◆ What you should do: Using the listing below, say how many lines have the string "Loona" in them, giving the number alone.

◆ Source material:

☆ ☆ ☆ ☆ ☆

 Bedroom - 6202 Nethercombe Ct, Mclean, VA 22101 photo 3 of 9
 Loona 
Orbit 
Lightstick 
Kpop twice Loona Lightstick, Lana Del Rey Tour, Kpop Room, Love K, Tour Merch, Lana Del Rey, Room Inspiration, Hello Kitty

☆ ☆ ☆ ☆ ☆

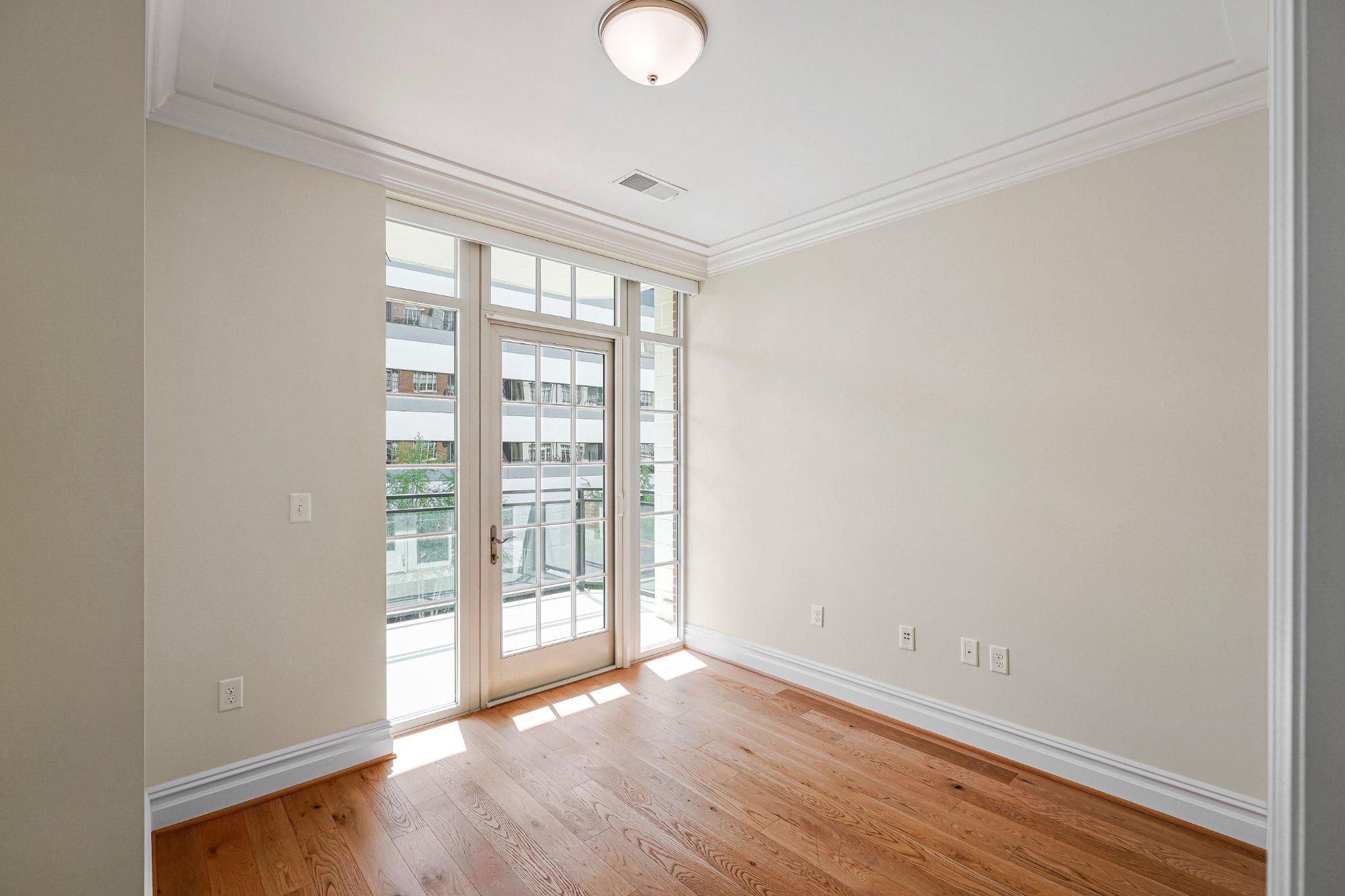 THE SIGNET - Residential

☆ ☆ ☆ ☆ ☆

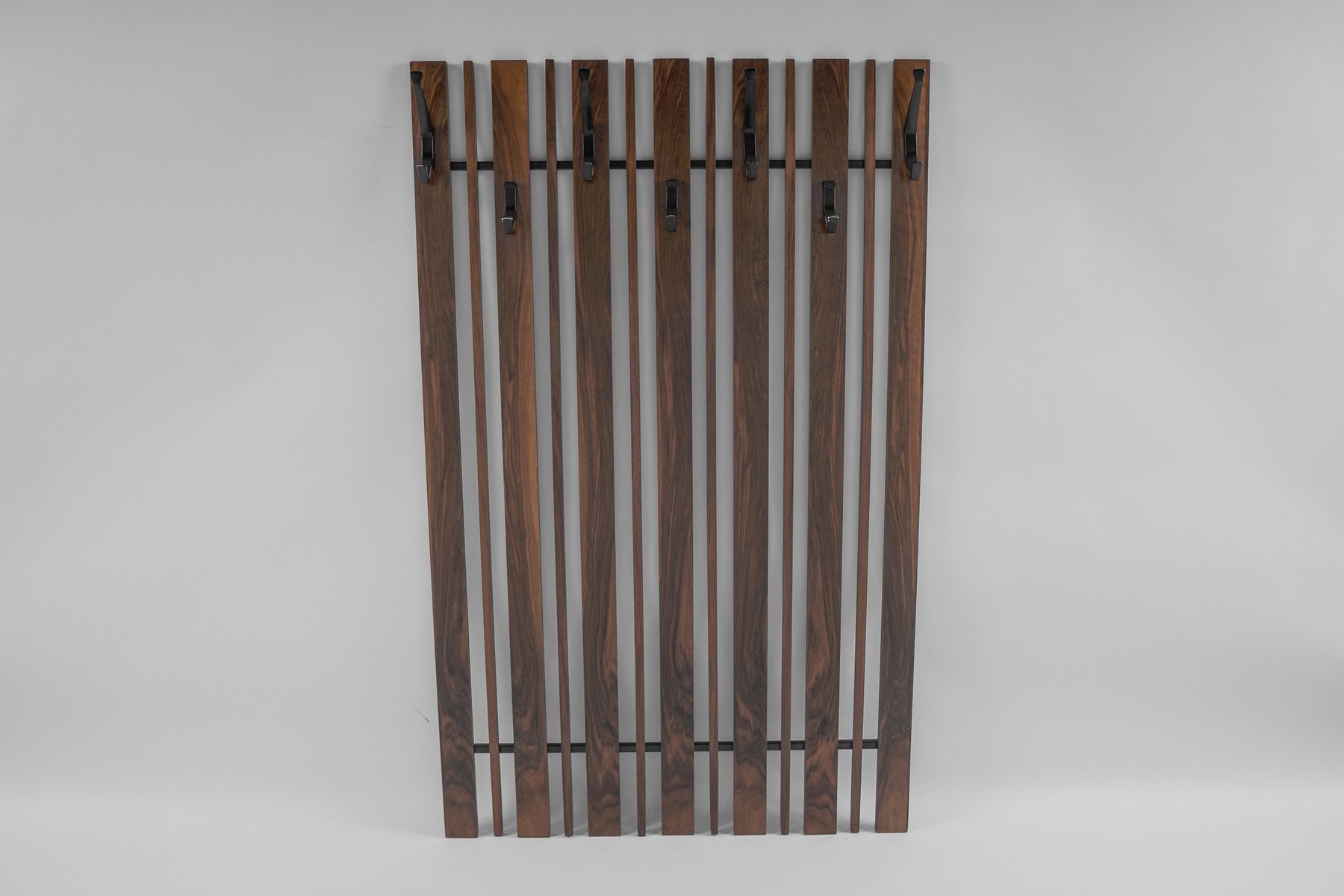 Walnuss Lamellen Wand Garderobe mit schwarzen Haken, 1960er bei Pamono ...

☆ ☆ ☆ ☆ ☆

◆ Your response: 2